1 tablespoon extra-virgin olive oil

fleur de sel, to taste

black pepper, to taste


Preheat oven to 400 degrees.  In a food processor pulse together all the ingredients for the ricotta/chevre base until smooth.  (Or mix together by hand in a bowl).  Next, place the rolled out puff pastry on a cookie sheet and spread the cheese mixture on top evenly, all the way to the edges.  Then, assemble the fruit in an attractive pattern.  I did two rows of figs and two rows of strawberries on the diagonal.  When the fruit is placed on the puff pastry, sprinkle it with the brown sugar, pine nuts, and thyme.  Drizzle the honey on top and dot on pieces of butter all over the pastry.  Bake for 25-30 minutes.  Serve warm with a dollop of ricotta cheese and a drizzle of honey, if desired.

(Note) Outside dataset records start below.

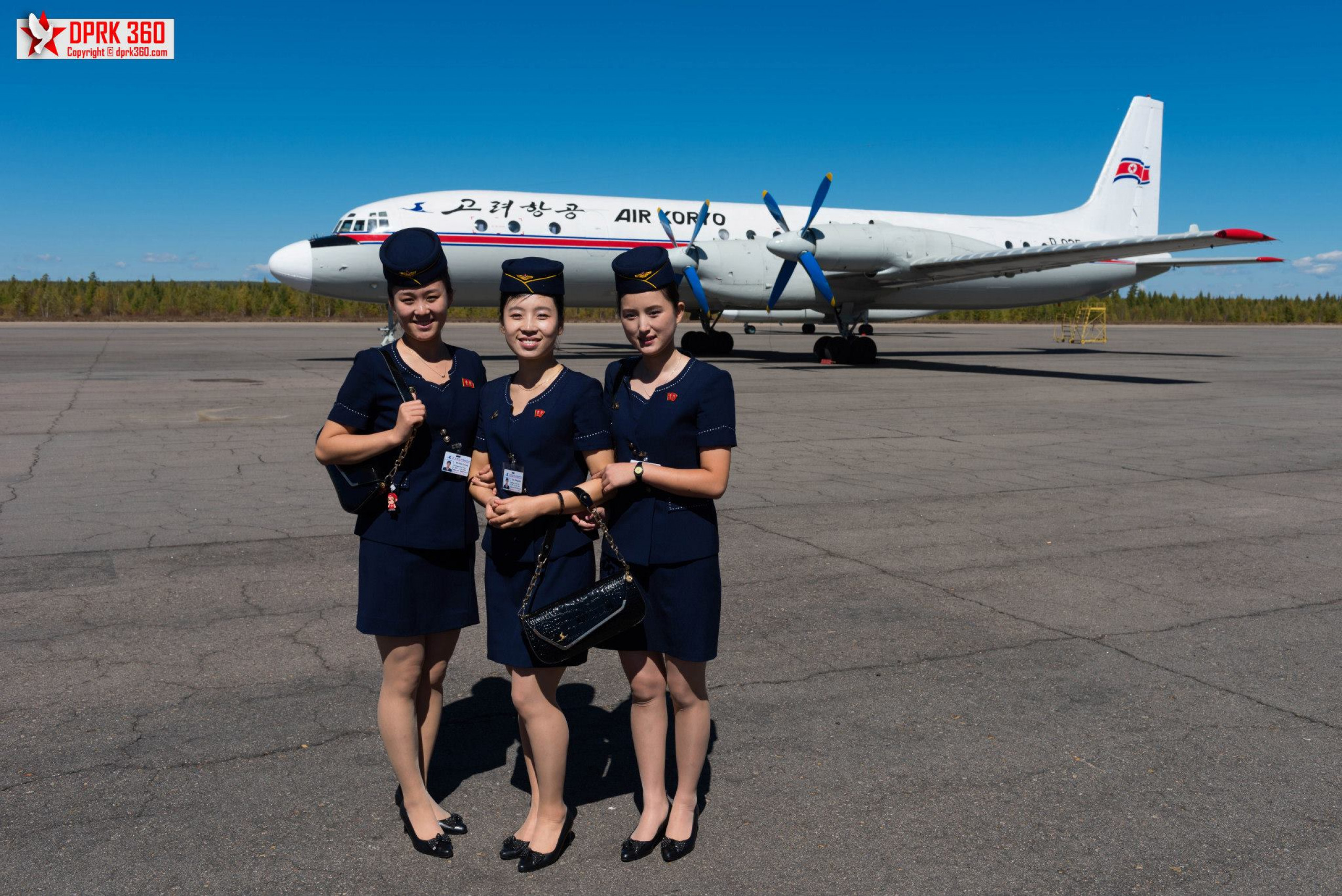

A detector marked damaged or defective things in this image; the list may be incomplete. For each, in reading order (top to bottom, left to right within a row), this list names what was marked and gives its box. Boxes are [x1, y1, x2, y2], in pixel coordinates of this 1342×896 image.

cracked asphalt [0, 325, 1334, 896]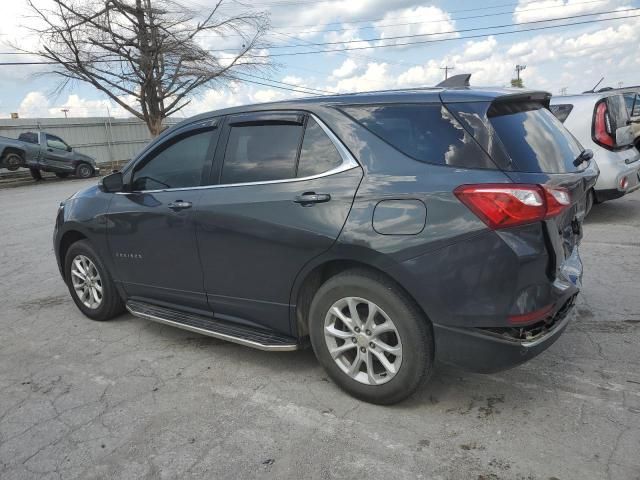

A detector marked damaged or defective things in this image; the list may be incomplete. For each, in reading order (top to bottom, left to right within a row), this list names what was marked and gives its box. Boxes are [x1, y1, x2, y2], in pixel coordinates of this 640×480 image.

cracked pavement [1, 178, 640, 478]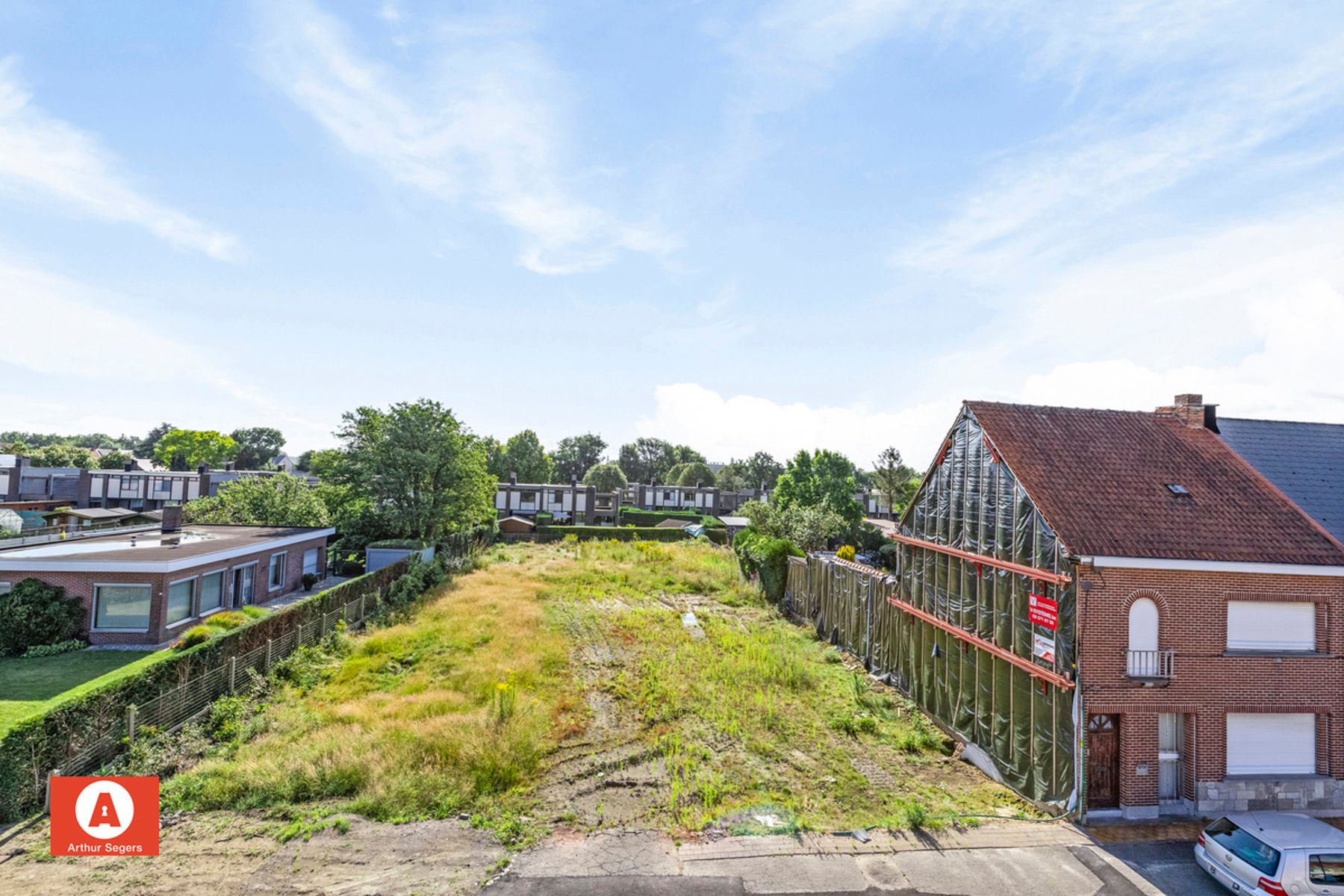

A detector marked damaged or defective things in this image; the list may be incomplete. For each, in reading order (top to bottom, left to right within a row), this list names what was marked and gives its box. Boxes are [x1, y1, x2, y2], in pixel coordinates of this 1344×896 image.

cracked concrete pavement [487, 824, 1165, 890]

I am pretty sure pizza takeout places are buzzing on Fridays.  I must admit, when I am too lazy to cook, I have picked up the phone and placed an order for a processed cheese and squishy vegetable pizza.  There are not any great takeout pizza places where I live, so I find it to be a better option to make my own.

My family has been doing this for ages.  Making three or four pizzas at a time and devouring them all.  In high school, my friend’s mom also made great pizzas every week.  It is a family tradition for many of us.  Pizza can be doctored up in so many ways, that anyone can find something they like.  Pizza is a unifier for us all.  Who thought pizza could hold such a deep place for humans?  Sarcasm aside and in simpler words, everyone loves pizza!

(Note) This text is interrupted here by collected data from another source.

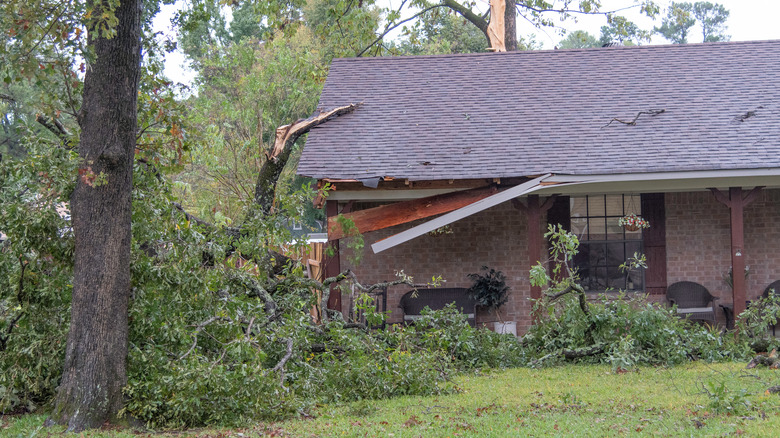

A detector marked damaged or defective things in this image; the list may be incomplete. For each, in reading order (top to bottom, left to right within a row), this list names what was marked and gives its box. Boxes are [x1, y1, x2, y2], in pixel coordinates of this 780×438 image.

damaged roof [298, 40, 780, 182]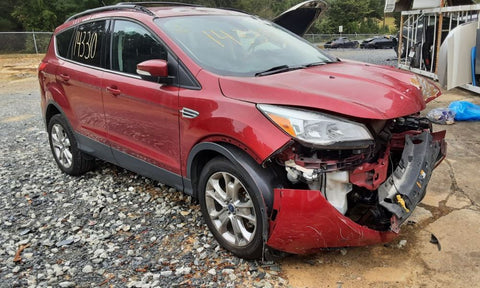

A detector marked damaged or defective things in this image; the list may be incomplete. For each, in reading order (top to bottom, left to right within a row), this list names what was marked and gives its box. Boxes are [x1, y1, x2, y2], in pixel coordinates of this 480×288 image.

damaged red suv [38, 1, 446, 258]
crumpled hood [219, 60, 426, 119]
crushed front bumper [266, 130, 446, 254]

There are no hard and fast rules to making pizza.  I usually use a whole wheat crust, (this time I got one from my local bakery) but feel free to use white, gluten-free, or herbed.  It is not that hard to make pizza crust and it is worth it.  Bread/Dough, of course is another common ground for all human beings.

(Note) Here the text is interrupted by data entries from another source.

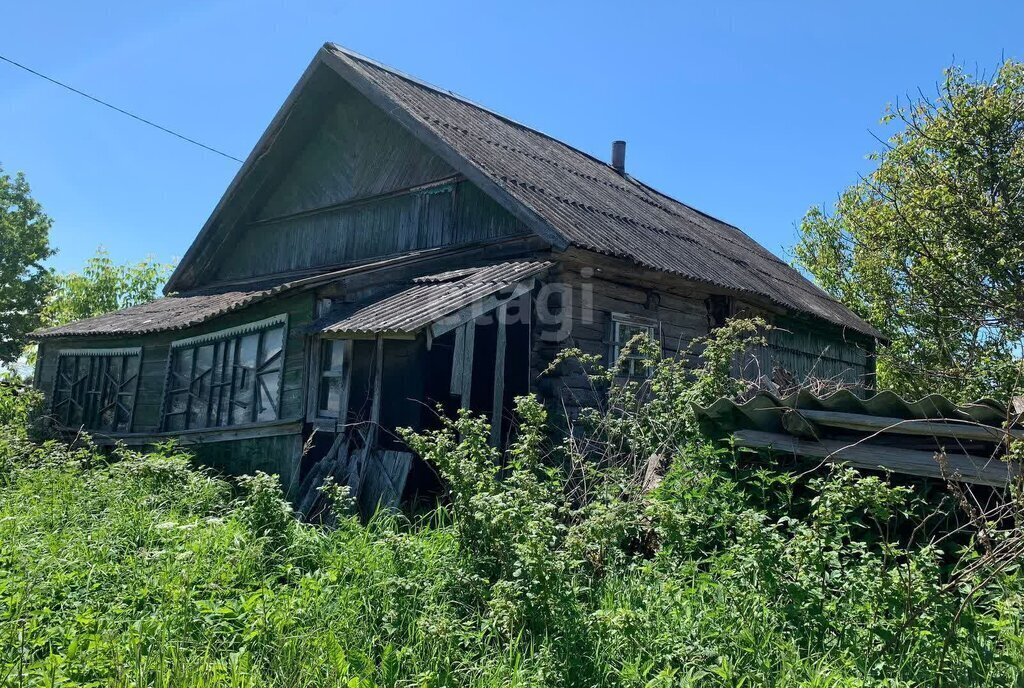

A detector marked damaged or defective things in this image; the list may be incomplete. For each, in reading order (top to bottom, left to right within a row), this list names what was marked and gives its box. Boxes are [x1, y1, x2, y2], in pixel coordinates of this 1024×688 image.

broken window [51, 350, 141, 430]
broken window [161, 317, 286, 430]
broken window [610, 315, 659, 378]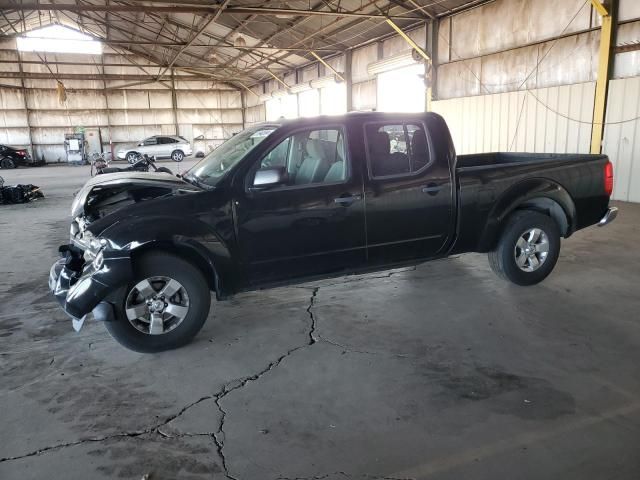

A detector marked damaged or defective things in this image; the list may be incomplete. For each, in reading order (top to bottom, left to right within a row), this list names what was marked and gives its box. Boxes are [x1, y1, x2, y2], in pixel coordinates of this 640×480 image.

front bumper damage [48, 244, 132, 330]
cracked concrete floor [1, 163, 640, 478]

Toppings are endless.  I am definitely a toppings girl.  I can never decide what I am in the mood for.  There are so many decisions to make and if you know me, you know how indecisive I am, especially when it comes to food.  This is probably because I want everything but ultimately I have to toughen up and make a decision. This time my refrigerator dictated what the outcome would be.  Instead of tomato sauce, I used ricotta cheese.  In the summertime, I like to make a simple Neapolitan style pizza, but in the winter I like the heartier ricotta.  If any New Englanders know about Papa Gino’s, you may remember their 3 cheese (or was it 4 cheese) pizza that had dollops of ricotta on it.  I used to love this pizza as a child.  I wish my inspiration for the ricotta came from a more sophisticated source, but alas it was good ole Papa Gino’s.

Pizza with Herbed Ricotta

Serves 3-4

Pizza dough

1/2 a bell pepper (any color you prefer) cut into small strips

3-4 stalks of asparagus cut on an angle

1/2 a zucchini, thinly sliced

1 onion, caramelized (sauté onion in a little olive oil on medium-low heat, add salt, pepper, 2 sprigs of thyme, crushed red chilies, and 1/2 teaspoon brown sugar and allow to caramelize for about 15 minutes)

1/2 cup whole Kalamata olives, pits removed

3-4 cloves roasted garlic, optional

fresh mozzarella cheese or buffalo mozzarella, as much as you like

parmigiano regginao, as much as you like

fresh flat-leaf parsley for garnish

crushed red chilies for garnish

For the ricotta mixture:

3/4 cup part-skim ricotta cheese

1-2 tablespoons olive oil

1/2 cup flat-leaf parsley

1/2 cup baby arugula

15 sprigs fresh chives

salt, to taste

black pepper, to taste


Preheat your oven to 425 degrees.  Roll out your dough onto a large baking sheet (round or rectangular).  If you have a pizza stone you may use that as well.

For the ricotta mixture, pulse all the ingredients in a food processor until smooth or mix and combine in a bowl but in this case, chop the herbs finer.

Spread the ricotta over the dough and top with the vegetable and cheese.  Bake for 15-20 minutes, until the crust is cooked and the cheese starts to get bubbly.  If you wish, garnish with the parsley and crushed red chilies.